Listed records Start Marker

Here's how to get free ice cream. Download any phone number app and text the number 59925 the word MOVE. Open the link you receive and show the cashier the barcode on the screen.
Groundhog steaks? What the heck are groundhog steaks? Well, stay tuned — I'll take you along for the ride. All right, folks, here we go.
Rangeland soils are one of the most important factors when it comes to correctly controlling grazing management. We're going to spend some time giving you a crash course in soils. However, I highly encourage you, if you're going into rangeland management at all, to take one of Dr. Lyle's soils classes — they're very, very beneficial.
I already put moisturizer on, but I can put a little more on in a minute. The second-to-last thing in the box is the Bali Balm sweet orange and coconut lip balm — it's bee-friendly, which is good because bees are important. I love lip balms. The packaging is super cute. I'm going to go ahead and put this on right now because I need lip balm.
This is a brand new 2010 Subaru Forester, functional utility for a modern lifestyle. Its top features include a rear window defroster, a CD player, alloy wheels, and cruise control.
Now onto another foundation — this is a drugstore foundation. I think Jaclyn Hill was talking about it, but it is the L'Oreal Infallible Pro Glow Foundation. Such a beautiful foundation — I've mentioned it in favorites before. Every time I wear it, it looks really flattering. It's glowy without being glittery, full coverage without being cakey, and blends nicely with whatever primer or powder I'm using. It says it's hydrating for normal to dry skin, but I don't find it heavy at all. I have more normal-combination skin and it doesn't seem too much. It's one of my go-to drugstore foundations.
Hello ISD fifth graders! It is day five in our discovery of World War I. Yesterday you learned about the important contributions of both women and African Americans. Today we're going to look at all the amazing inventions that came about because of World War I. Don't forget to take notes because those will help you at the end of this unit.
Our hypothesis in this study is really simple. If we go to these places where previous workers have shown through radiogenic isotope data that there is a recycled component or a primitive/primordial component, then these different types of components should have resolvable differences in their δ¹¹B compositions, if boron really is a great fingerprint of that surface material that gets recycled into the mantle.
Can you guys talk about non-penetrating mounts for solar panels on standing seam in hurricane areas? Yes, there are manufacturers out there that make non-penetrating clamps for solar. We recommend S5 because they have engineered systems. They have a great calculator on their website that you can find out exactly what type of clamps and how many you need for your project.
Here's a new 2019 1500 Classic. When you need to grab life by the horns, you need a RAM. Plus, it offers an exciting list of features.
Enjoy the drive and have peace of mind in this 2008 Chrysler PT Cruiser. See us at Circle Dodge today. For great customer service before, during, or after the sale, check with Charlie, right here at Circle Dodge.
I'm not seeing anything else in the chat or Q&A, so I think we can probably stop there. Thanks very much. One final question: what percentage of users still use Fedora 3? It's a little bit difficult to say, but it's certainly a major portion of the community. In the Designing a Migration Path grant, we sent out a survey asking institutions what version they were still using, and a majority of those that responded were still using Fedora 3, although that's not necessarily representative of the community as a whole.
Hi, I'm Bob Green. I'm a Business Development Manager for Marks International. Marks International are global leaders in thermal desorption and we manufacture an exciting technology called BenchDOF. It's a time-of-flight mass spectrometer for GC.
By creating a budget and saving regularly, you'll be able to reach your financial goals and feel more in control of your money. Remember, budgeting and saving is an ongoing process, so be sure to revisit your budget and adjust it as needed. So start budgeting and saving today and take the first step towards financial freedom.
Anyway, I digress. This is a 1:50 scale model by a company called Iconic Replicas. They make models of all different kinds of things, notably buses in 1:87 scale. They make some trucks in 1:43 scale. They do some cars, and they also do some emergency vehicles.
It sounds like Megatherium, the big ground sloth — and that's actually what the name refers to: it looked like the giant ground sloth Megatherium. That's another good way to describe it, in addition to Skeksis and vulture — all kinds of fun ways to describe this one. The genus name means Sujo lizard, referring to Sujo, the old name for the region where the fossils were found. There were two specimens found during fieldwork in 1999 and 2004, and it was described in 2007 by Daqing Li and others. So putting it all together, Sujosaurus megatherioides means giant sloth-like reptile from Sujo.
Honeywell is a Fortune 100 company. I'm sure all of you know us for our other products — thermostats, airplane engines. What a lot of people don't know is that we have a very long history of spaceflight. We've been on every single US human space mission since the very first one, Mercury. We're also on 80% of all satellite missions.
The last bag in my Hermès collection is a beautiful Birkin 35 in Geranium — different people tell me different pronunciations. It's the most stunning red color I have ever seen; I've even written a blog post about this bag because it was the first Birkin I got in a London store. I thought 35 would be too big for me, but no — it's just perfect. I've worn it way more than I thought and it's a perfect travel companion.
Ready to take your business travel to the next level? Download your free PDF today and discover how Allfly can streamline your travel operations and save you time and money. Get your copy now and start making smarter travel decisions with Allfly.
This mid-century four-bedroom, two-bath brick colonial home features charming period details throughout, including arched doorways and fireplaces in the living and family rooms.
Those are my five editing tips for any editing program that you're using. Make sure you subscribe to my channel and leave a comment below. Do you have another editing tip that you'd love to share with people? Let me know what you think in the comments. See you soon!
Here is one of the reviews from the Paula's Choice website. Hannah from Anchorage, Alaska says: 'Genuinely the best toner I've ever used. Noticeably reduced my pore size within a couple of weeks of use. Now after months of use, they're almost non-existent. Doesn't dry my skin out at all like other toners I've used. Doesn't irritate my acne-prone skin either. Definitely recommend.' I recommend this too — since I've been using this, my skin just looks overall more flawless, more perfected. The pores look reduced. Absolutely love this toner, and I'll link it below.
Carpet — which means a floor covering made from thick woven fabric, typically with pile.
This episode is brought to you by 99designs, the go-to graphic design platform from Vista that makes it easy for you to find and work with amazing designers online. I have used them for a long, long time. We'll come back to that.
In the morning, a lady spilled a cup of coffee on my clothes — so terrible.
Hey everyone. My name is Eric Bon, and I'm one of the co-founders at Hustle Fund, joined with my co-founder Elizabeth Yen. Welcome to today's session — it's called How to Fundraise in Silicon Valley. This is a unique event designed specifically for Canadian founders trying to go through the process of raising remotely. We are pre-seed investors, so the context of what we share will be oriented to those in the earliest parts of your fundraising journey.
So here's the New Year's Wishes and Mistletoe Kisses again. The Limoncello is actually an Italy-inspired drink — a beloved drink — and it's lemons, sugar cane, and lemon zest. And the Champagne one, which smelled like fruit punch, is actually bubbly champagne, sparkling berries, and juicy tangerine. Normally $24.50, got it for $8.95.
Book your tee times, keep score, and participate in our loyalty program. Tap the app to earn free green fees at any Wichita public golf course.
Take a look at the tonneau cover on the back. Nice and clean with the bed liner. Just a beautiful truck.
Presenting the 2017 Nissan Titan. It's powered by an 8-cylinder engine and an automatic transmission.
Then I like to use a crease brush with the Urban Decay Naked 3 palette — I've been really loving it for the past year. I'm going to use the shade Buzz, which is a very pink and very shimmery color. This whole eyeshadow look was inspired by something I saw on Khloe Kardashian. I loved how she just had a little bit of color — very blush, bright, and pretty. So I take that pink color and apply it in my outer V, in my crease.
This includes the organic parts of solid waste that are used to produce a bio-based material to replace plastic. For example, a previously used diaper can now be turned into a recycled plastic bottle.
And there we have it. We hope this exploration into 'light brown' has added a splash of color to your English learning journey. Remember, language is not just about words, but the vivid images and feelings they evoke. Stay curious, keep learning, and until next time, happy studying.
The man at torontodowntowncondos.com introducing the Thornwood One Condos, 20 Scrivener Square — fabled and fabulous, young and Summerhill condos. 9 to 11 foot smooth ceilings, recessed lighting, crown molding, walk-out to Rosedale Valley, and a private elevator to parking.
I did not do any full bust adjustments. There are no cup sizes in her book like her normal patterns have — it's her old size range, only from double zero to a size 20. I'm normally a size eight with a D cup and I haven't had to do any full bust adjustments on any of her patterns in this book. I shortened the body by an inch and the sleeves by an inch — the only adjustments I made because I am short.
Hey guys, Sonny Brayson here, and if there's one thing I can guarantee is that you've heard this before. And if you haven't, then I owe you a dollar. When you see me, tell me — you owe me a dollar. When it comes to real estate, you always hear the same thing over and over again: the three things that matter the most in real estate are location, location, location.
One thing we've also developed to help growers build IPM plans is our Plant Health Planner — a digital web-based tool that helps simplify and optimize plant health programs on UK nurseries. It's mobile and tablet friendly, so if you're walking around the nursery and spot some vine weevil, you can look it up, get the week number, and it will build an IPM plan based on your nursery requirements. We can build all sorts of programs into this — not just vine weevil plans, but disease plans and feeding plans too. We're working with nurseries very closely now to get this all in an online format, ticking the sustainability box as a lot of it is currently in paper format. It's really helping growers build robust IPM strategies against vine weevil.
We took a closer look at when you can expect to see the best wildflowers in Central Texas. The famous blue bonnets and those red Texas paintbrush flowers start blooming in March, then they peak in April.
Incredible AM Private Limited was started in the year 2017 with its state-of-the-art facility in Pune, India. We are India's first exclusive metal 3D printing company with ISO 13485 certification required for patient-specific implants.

Listed records End Marker

_Problem details_
All that is needed is the exact run of lines above from the line containing "Hey everyone. My" through the line containing "Take a look", both of them included.

_Answer box_
Hey everyone. My name is Eric Bon, and I'm one of the co-founders at Hustle Fund, joined with my co-founder Elizabeth Yen. Welcome to today's session — it's called How to Fundraise in Silicon Valley. This is a unique event designed specifically for Canadian founders trying to go through the process of raising remotely. We are pre-seed investors, so the context of what we share will be oriented to those in the earliest parts of your fundraising journey.
So here's the New Year's Wishes and Mistletoe Kisses again. The Limoncello is actually an Italy-inspired drink — a beloved drink — and it's lemons, sugar cane, and lemon zest. And the Champagne one, which smelled like fruit punch, is actually bubbly champagne, sparkling berries, and juicy tangerine. Normally $24.50, got it for $8.95.
Book your tee times, keep score, and participate in our loyalty program. Tap the app to earn free green fees at any Wichita public golf course.
Take a look at the tonneau cover on the back. Nice and clean with the bed liner. Just a beautiful truck.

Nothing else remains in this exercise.